Prague, Feb. 2 (RFE/RL) - Hundreds of thousands of coal miners in Russia and Ukraine pressed their strikes today to demand unpaid wages and larger government subsidies for their ailing industry.
In Russia, about half the country's miners -- some 450,000 -- were reported to have participated in the walkout. In all, 81 percent of the pits were said to be shut down in the largest job action since the fall of the Soviet Union in 1991. The miners say they are owed the equivalent of about $200 million in back salaries.
In Ukraine, 880,000 of 1.2 million coal miners struck or slowed down their work nationwide, claiming they are owed the equivalent of $367 million for work performed.

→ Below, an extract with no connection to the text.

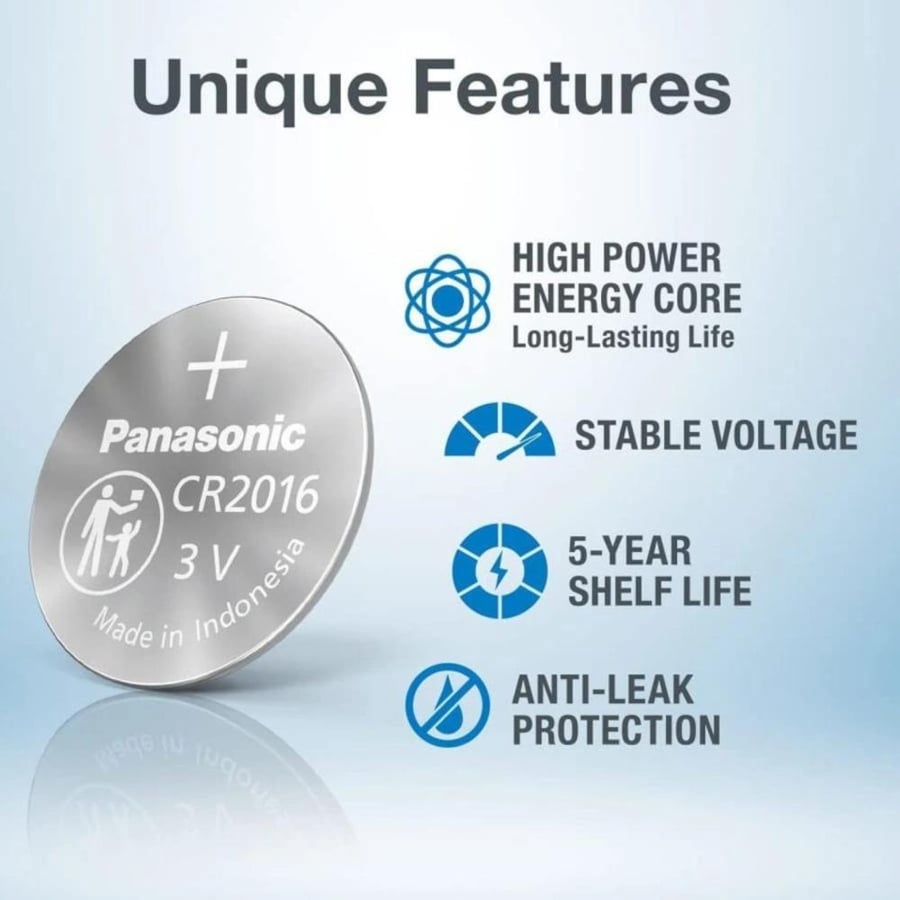 Panasonic lithium batteries CR2016 3.0 volt long-lasting child-resistant standard pack piece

About 80 percent of the mines were effected either by the shutdown or by refusals to carry out coal deliveries.
Both strikes are in their second day. The miners are seeking Soviet-era style subsidies, fearing inefficient pits will be shut down without significant state support. Many hope to secure pay increases as well.
In Russia, correspondents say the strike could have serious implications for President Boris Yeltsin. In 1989, a coal miners strike did little to help instill confidence in Soviet President Mikhail Gorbachev's economic policies. In 1991, there was another miners strike -- this one backed by Yeltsin. By the end of that year, the Soviet Union collapsed, Gorbachev was out and Yeltsin became President of Russia.
Russia faces presidential elections in June. Yeltsin has not yet announced whether he is a candidate for re-election, but analysts believe he is likely to run. A prolonged strike could help Yeltsin's rivals -- particularly the communists and ultra-nationalists -- at the polls.
Yeltsin, who turned 65 yesterday, had tried to prevent the work stoppage. He issued a decree last week that offered miners $127 million in back pay. The deal was rejected.
Yeltsin's chief economic adviser, Alexander Y. Livshits, said that the President had ordered the government to draft a "tough, monthly schedule" to pay the miners. But Ruben Badalov, deputy chief of Russia's Union of Coal Industry Workers, said that "so far, the government's promises are not being met."
At a rally held in the Artic region of Vorkuta, strikers said, "A miner can work on his knees...but he cannot live on his knees and never will." Their banners asked, "Where is our money?"
In most cases, the mines are unable to come up with the wages because deficit-plauged industries are lagging behind in payment for the coal they consume.
Since the last coal strike, the Russian government already has closed down 36 unprofitable mines and slashed state subsidies.
Today, Russian government and union representatives held talks but were unable to resolve the dispute. The talks are scheduled to resume next week.
Both Russia and Ukraine are heavily dependent on coal. However, Russia has plenty of other energy sources, including natural gas and oil. Ukraine, its nuclear industry weakened by the Chernobyl disaster, relies more on coal for its fuel needs.
In a bid to avert the strike, the Ukrainian government had come up with more than $1 million to cover one month's worth of miners' back wages. Yesterday, Ukrainian TV reported that the government had allocated additional funds amounting to more than $4 million.
The Ukrainian government plans to shut down up to 25 unprofitable and outdated mines during the next three years. It also has been negotiating with the World Bank for a $100 million loan to close down its oldest mines and develop more efficient ones.